* Records shown

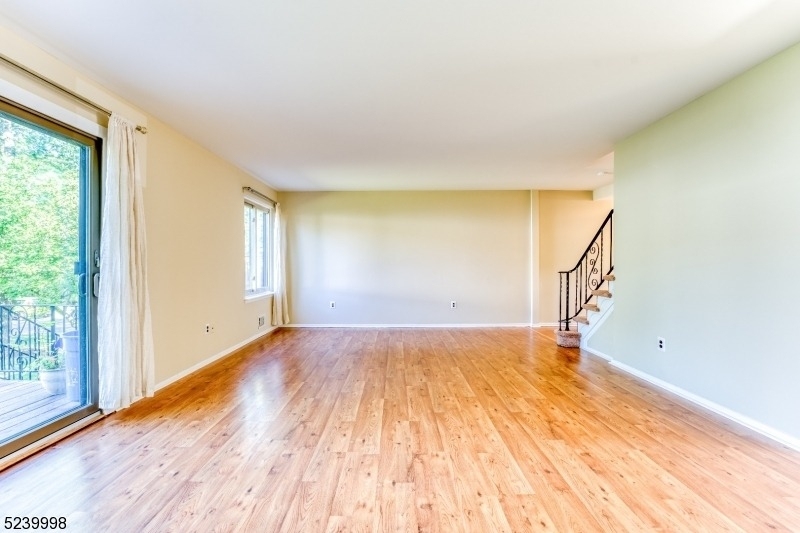 918 Merritt Dr - Photo 5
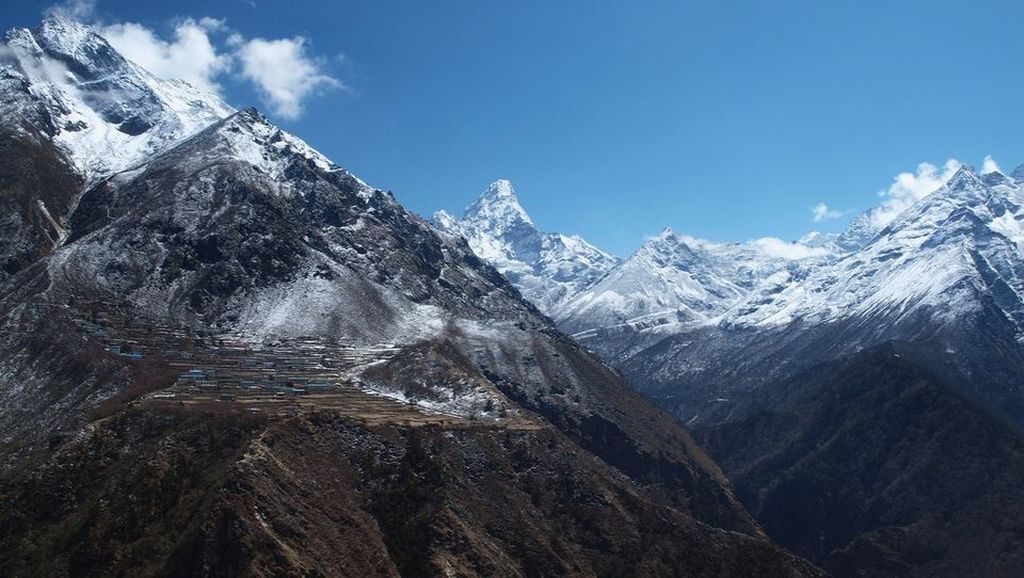 Mount Ama Dablam above Phortse Village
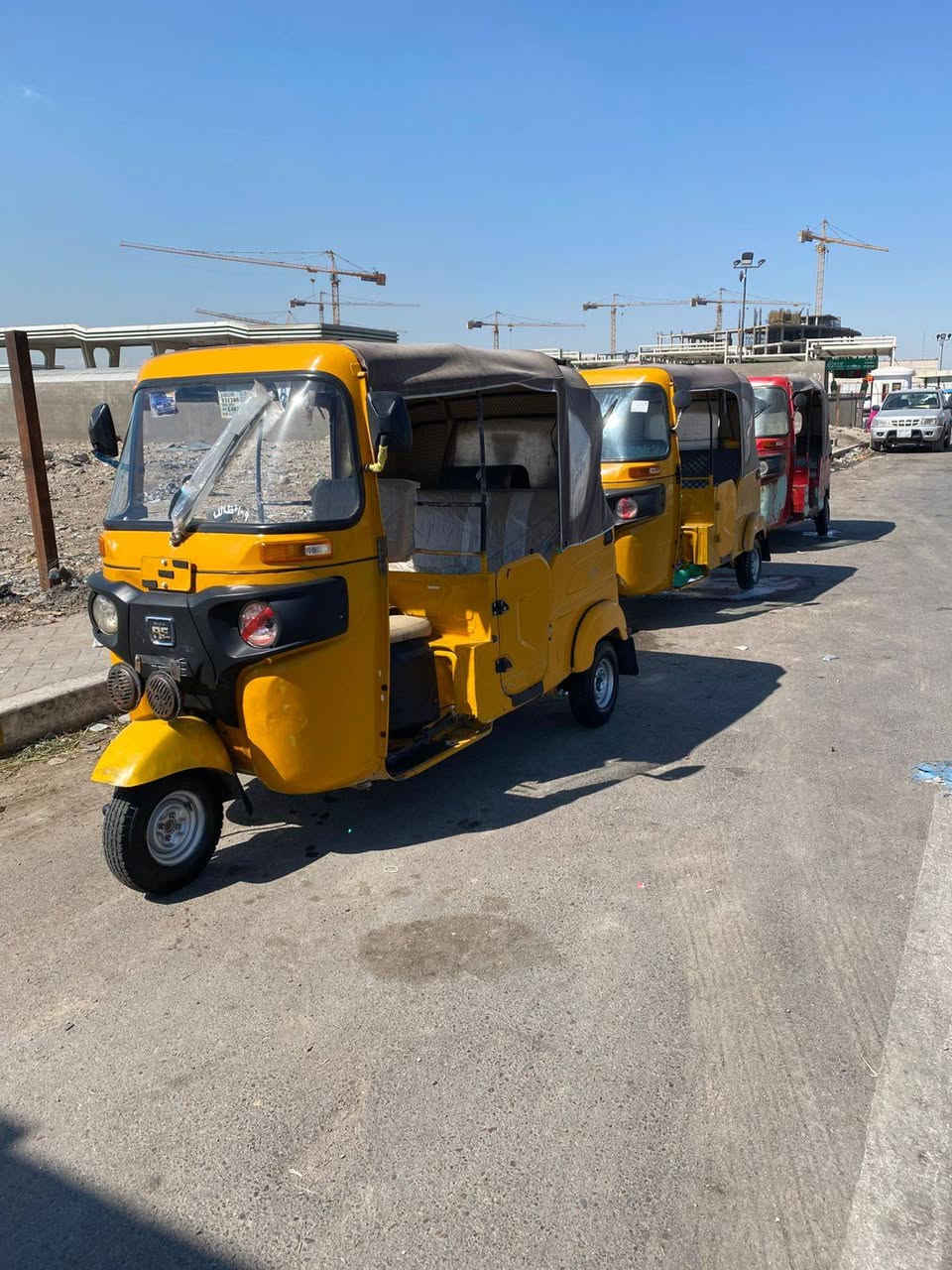 سلام عليكم ورحمه الله وبركاته تكتك للبيع موديل 2021 تكتك كامله تخم تاير صدر مكينه  خير من الله بيها اكسن بدايه ونه ومكينه مفتوحه مكينه خير من الله ناعمه تكتك مصبوغه للجماليه توحيد لون جانت لونين اوراق مو رقم تكتك كامله كبل للشارع السعر 7/500 وبيها مجال لطيبين العنوان بغداد الأمين الثانيه الرقم ***********
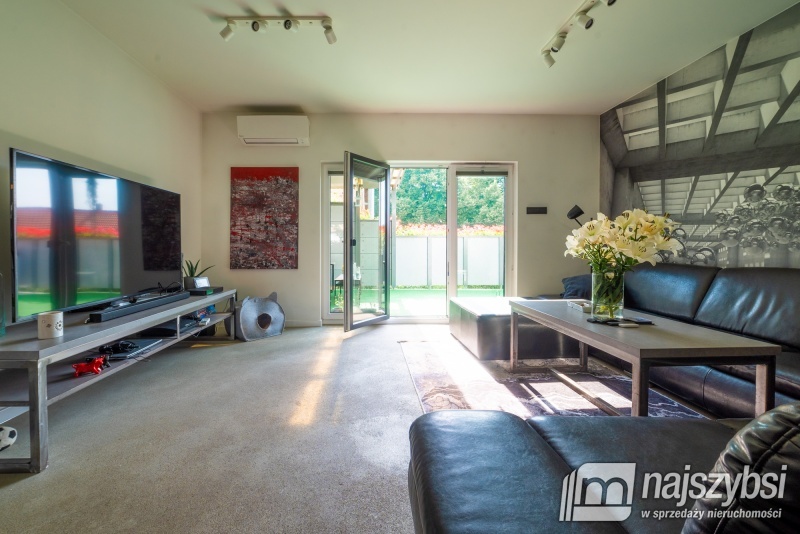 Duży dom w centrum miasta z częścią na wynajem. (8)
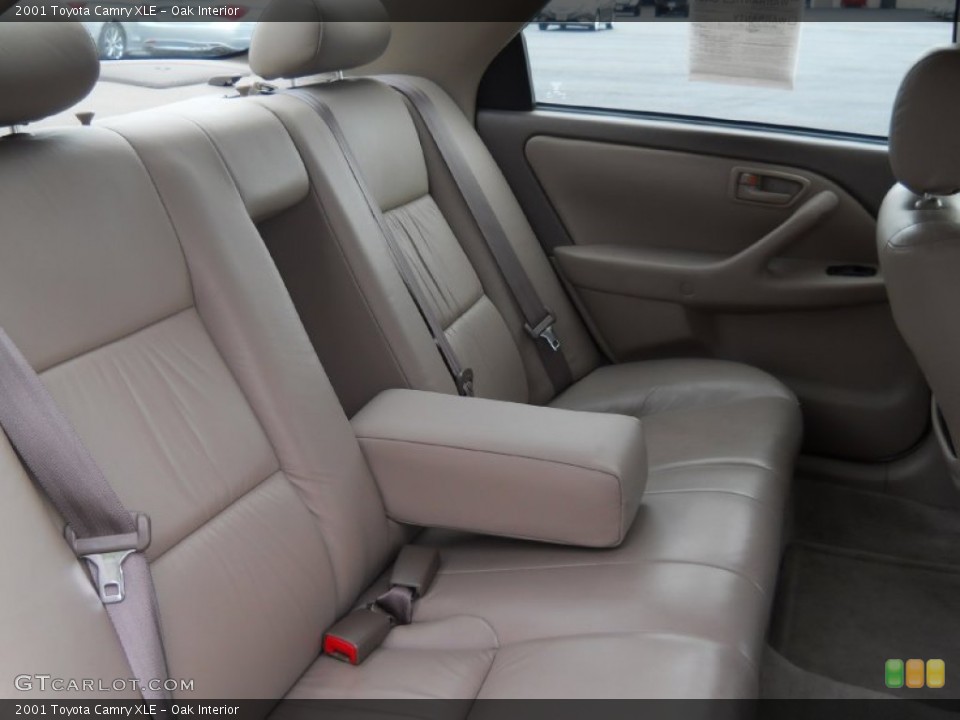 Oak Interior Photo for the 2001 Toyota Camry XLE #55266910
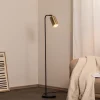 Gulvlampe Emek 4081, sort, skærm i antik guld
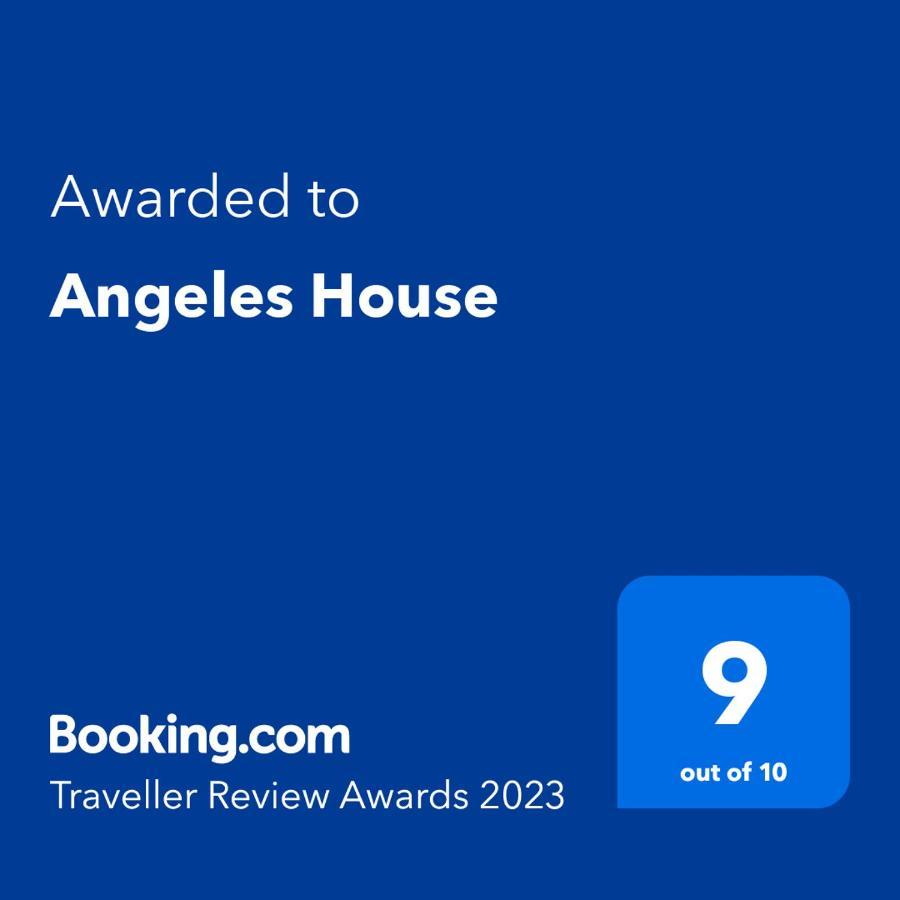 דירות סביליה Angeles House מראה חיצוני תמונה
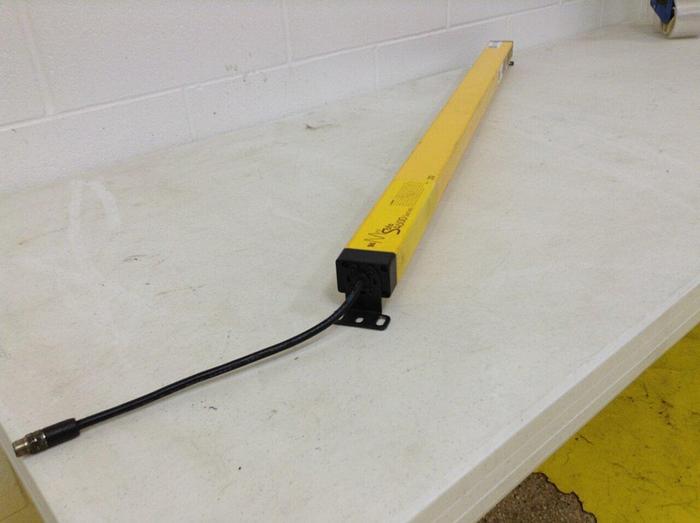 Used STI Light Curtain Transmitter MS46-20-955-Q1-X USED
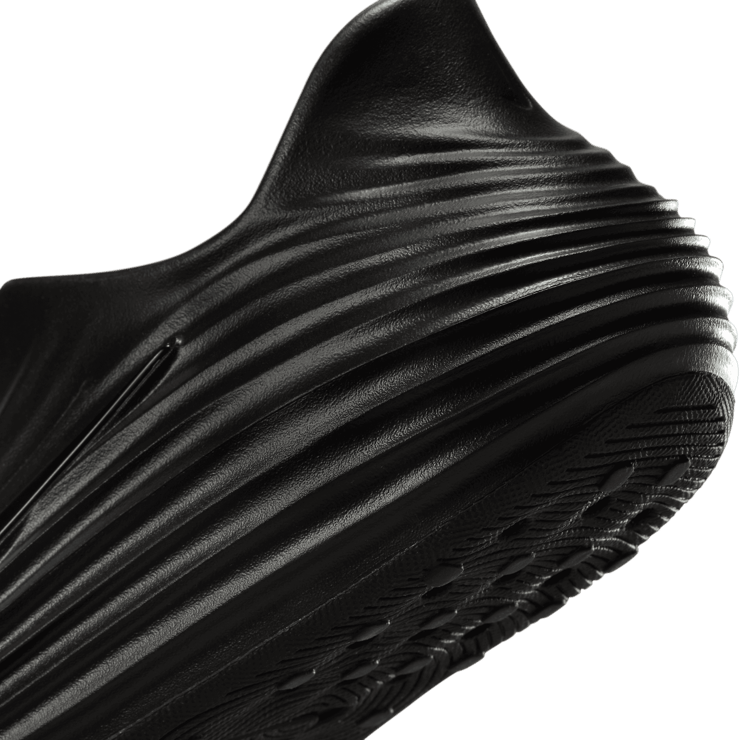 Nike ReactX Rejuven8 Triple Black (W) Angle 6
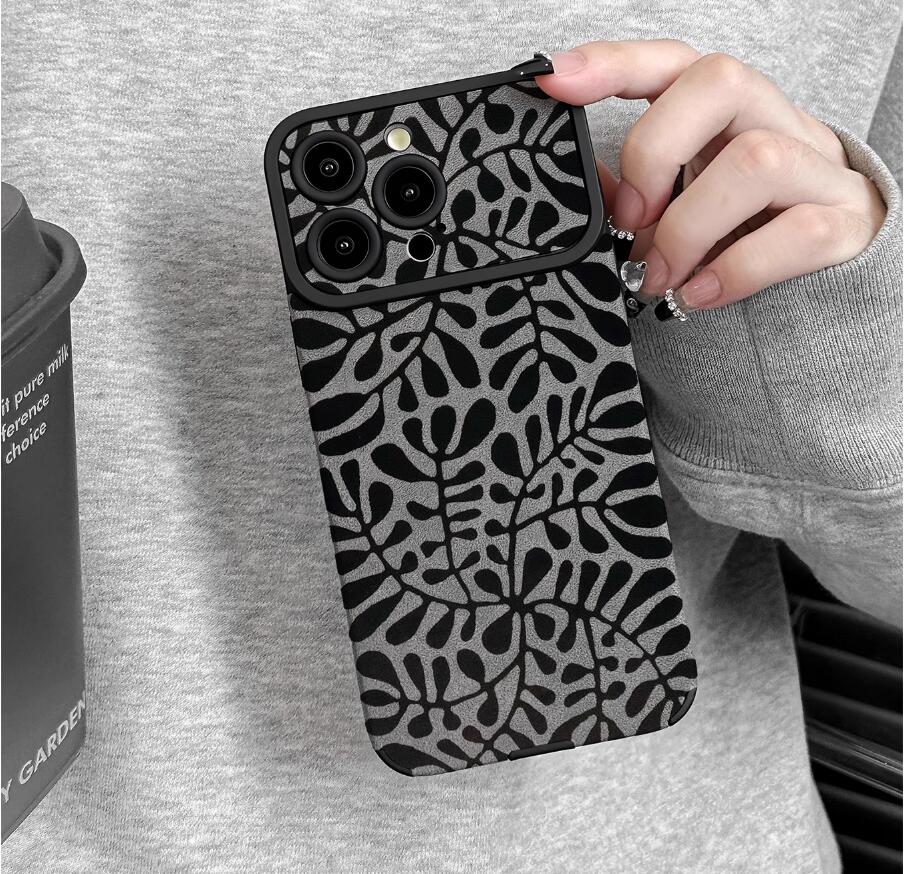 sheepskin-leaves-painting-iphone-case-creative_3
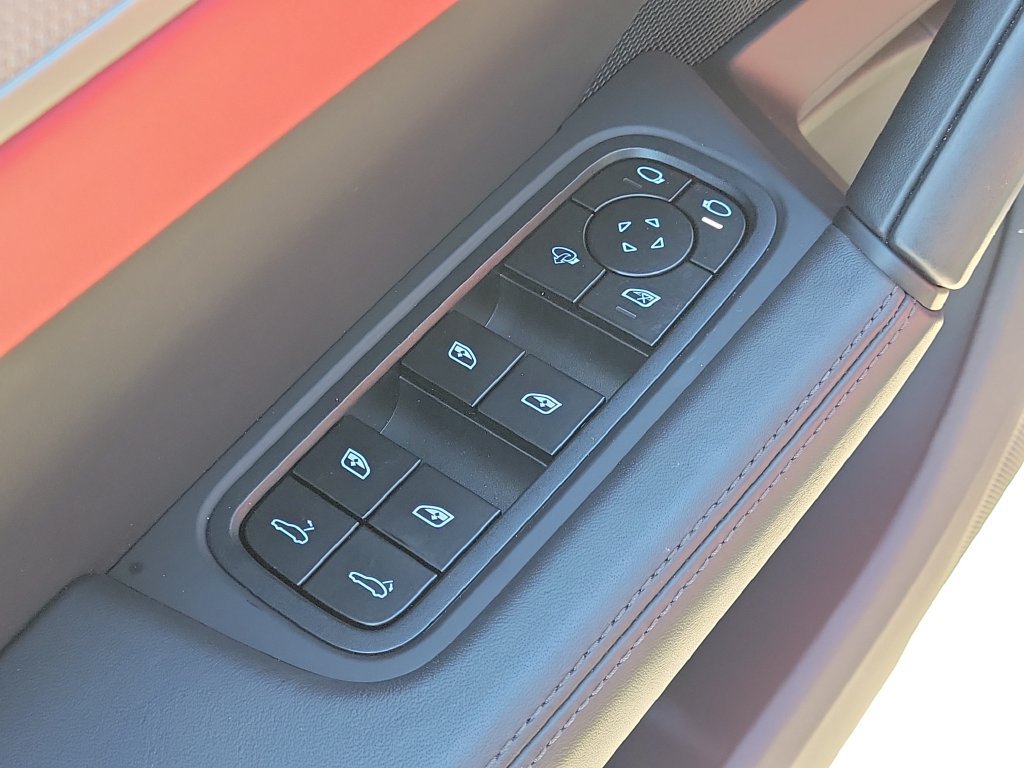 Certified 2026 Porsche Cayenne Coupe AWD/4WD image 26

* Exercise goal
Everything from the top line of the data down to and including the line with "Mount Ama Dablam above Phortse Village" is to be copied, except the pictures.

* Solution to the exercise
 918 Merritt Dr - Photo 5
 Mount Ama Dablam above Phortse Village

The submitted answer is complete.